P.: Nós vemos, sentimos e percebemos o mundo de tantas formas diferentes. Essas sensações são as reações aos objetos vistos, sentidos e percebidos e não são criações mentais como nos sonhos, que diferem não só de pessoa para pessoa, como também em relação à mesma pessoa. Isto não é suficiente para provar a realidade objetiva do mundo?
M.: Toda essa conversa sobre inconsistências e suas atribuições ao mundo dos sonhos só surgem agora, quando você está desperto. Enquanto você sonhava, o sonho era um todo perfeitamente integrado. Isto é, se você sentiu sede no sonho, a ilusão de beber água ilusória matou sua sede ilusória. Mas tudo isso era real e não ilusório para você, enquanto você não sabia que o próprio sonho era ilusório. Acontece o mesmo com o mundo desperto e com as sensações que você tem agora, que são coordenados e dão a impressão de que o mundo é real.
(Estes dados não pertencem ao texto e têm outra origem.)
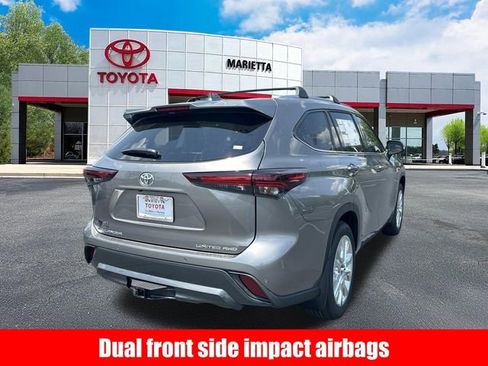 New 2026 Toyota Highlander Limited AWD/4WD image 28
Qual é o padrão da Realidade? Só é Real aquilo que existe por si mesmo, que revela a si mesmo por si mesmo e que é eterno e imutável.
O mundo existe por si mesmo? Ele já foi visto sem a ajuda da mente? No sono profundo não há mente e nem mundo. Quando você está desperto, existe a mente e existe o mundo. O que essa concomitância invariável significa? Você pode dizer “eu existo”. Isto é, a sua não é mera existência, é a Existência da qual você está consciente. Realmente, a Existência é idêntica à Consciência.
P.: O mundo pode não ser consciente dele mesmo, ainda assim ele existe.
M.: A Consciência é sempre autoconsciente. Se você é consciente de alguma coisa você é essencialmente consciente de si mesmo. A existência autoinconsciente é uma contradição em termos, não é existência de jeito nenhum. Ela é meramente uma existência atribuída, ao passo que a verdadeira existência, sat, não é um atributo, é a própria Substância. Portanto, a Realidade é conhecida como sat-chit, Ser-Consciência, e nunca um exclui o outro. Nem o mundo existe por si mesmo, e nem ele está consciente de sua existência. Como se pode dizer que um mundo assim é real?
E qual é a natureza do mundo? É a mudança permanente, um fluxo contínuo e interminável. Um mundo dependente, inconsciente de si mesmo e permanentemente mutável não pode ser real.